For those who simply cannot overcome the time and energy required to up-cycle or dye their own clothes, there remains a smaller yet still significant way in which they can minimize their clothing footprint without having to put in additional effort. By paying closer attention to the labels on clothes prior to checkout, as well as by purchasing clothes only when they are really needed, consumers can refrain from stocking up on products that have been made in an unsustainable manner. For example, consumers can purchase clothes that are guaranteed to be used several times in the future not only due to their durable material, but also their loose fit. In the New York Times article “How to Buy Clothes That Are Built to Last,” Kendra Pierre-Louis suggests that consumers consider options that are versatile enough to be used exhaustively, flexible enough to be compatible with changing body sizes, and comfortable enough to be used repeatedly rather than be thrown away. Pierre-Louis also advises consumers to be on the lookout for clothing tags that detail the materials in the clothes themselves, claiming, for example, that “keep[ing] the polyester content [in a dress shirt] between 20 and 40 percent…[is ideal] so the shirt is absorbent and soft but reasonably durable” (par. 33). Similarly, in his Washington Post article “The Troubling Ethics of Fashion in the Age of Climate Change,” Robin Givhan argues that there are, in fact, ways for consumers to remain in style while purchasing clothes that lack extra buttons, cuffs, or other accessories that place a strain on the production process. Like Pierre-Louis, Givhan ultimately claims that “[t]he simplest, best path to sustainability is not anti-fashion; it’s anti-gorging” (par. 23). By asking themselves whether they really need certain clothes rather than filling up their shopping carts within seconds of spotting the newest products, consumers can initiate steps toward a more sustainable way of living. And by altering their mindset that having the latest trends is the only way to appear fashionable, consumers can promote a new outlook towards clothing usage that centers on making the most use of what they have — and shopping only for what they need.

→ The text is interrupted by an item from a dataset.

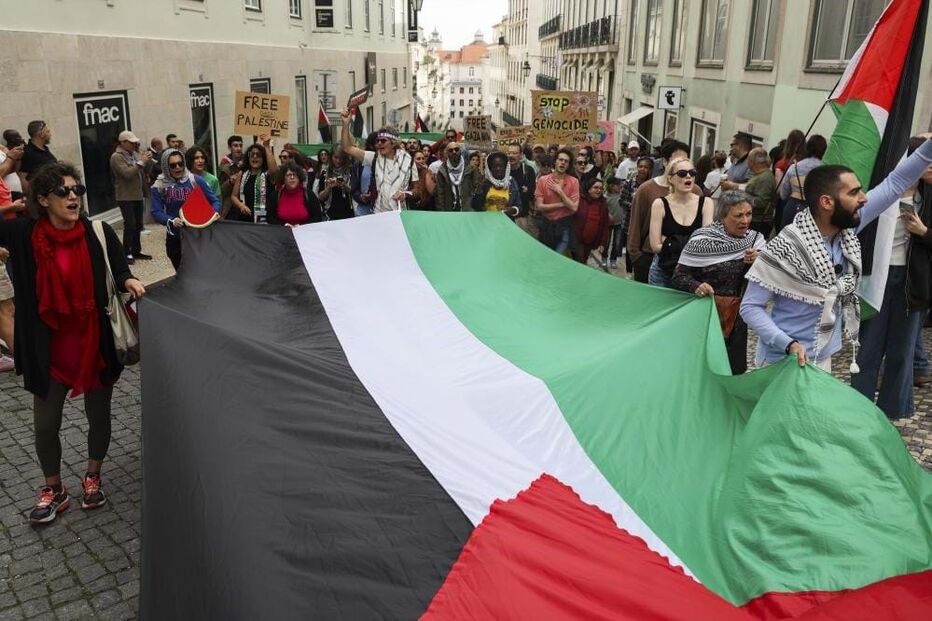 Marcha pela Palestina arranca em Lisboa com várias centenas de pessoas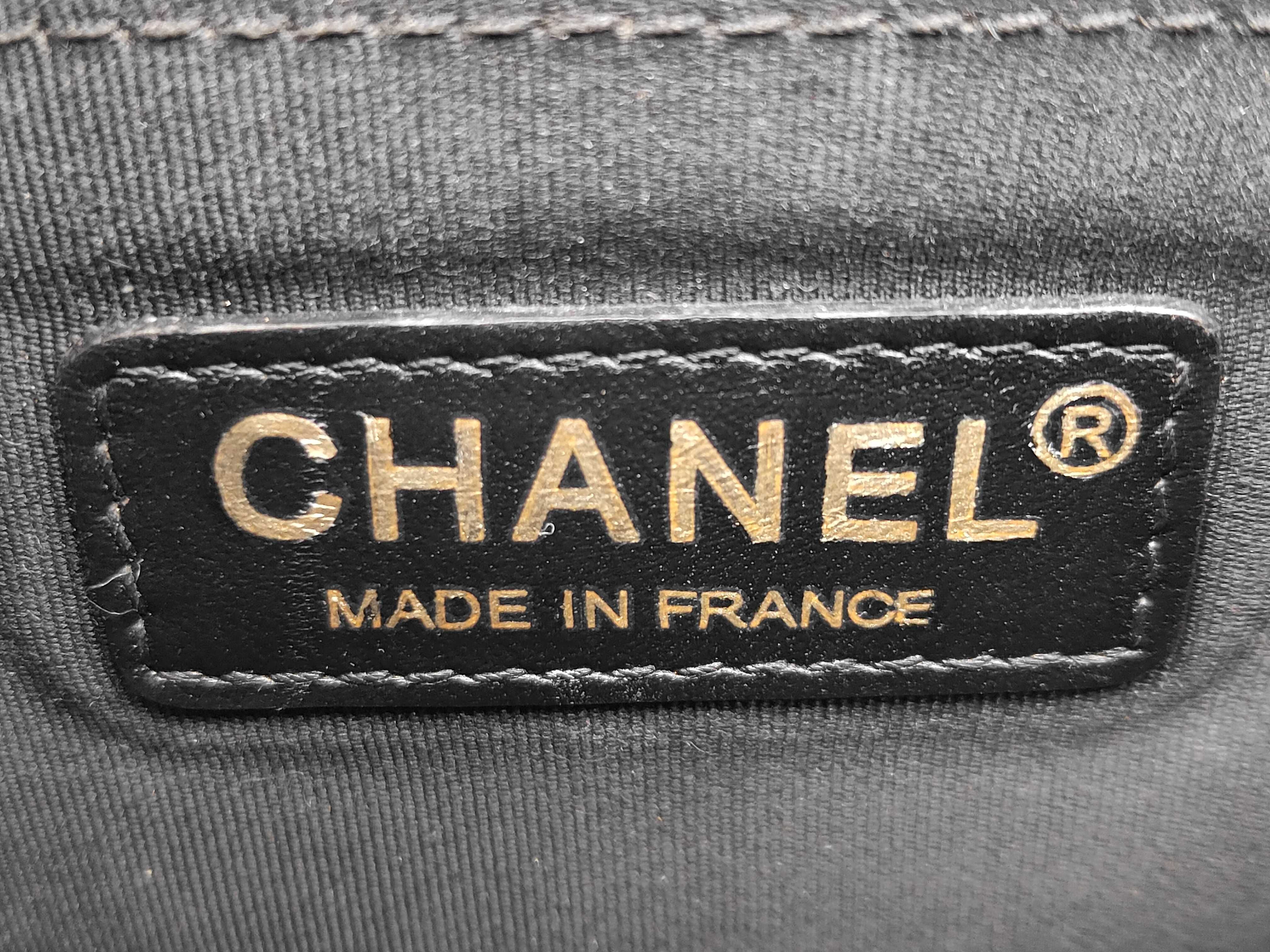 Boy Chanel Chain Shoulder Bag — view 12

The fashion industry’s alarming contribution to air pollution, water contamination, and global warming, among other problems, is well-known by the public. However, the role of the unsuspecting consumer in perpetuating and encouraging poor corporate practices is often set aside. Consumers far too frequently fall prey to devious marketing ploys and purchase clothes that are falsely marketed as “sustainable,” all because they are rarely informed of the ways in which they are continually being deceived. Even more consumers throw away old clothes after minimal use, purchase clothes without reading the labels on them, and support companies that infuse clothes with harmful chemicals. Though the flaws in the clothing production process are certainly undeniable, consumers have the power to not only alter their treatment and purchase of their garments, but also to pressure large corporations to take a second look at their faulty practices. In harnessing their voices to push for a more eco-friendly yet equally fashionable future, consumers can make waves in an industry in which environmental protections have been next to nonexistent. And in doing so, they can reform one of the world’s largest and most damaging industries from the bottom-up.
Givhan, Robin. “The Troubling Ethics of Fashion in the Age of Climate Change.” The Washington Post Magazine, 18 Nov. 2019, www.washingtonpost.com/magazine/2019/11/18/troubling-ethics-fashion-age-climate-change/. Accessed 4 May 2021.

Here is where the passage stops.